DATA SECTION -
==================================================
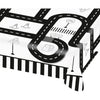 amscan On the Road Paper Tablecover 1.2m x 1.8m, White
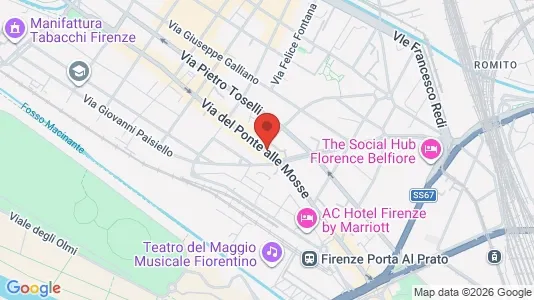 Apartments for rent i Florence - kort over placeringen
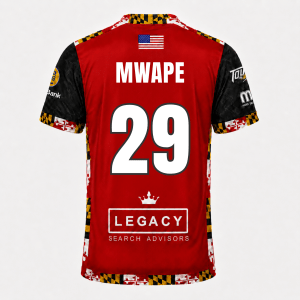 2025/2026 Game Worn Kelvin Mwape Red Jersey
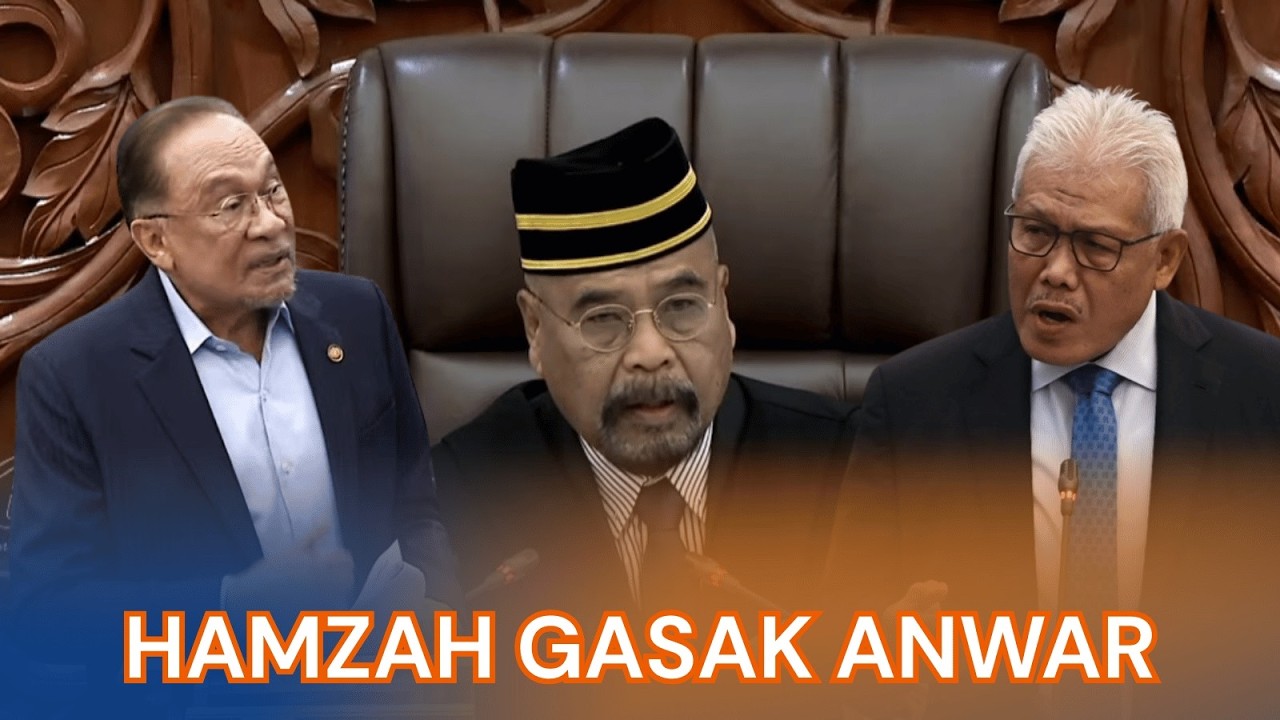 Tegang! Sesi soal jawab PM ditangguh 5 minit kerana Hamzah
==================================================
Only those lines from the one containing "2025/2026 Game Worn Kelvin Mwape Red Jersey" to the end of the material above, retyped exactly and without pictures, belong in your reply.

 2025/2026 Game Worn Kelvin Mwape Red Jersey
 Tegang! Sesi soal jawab PM ditangguh 5 minit kerana Hamzah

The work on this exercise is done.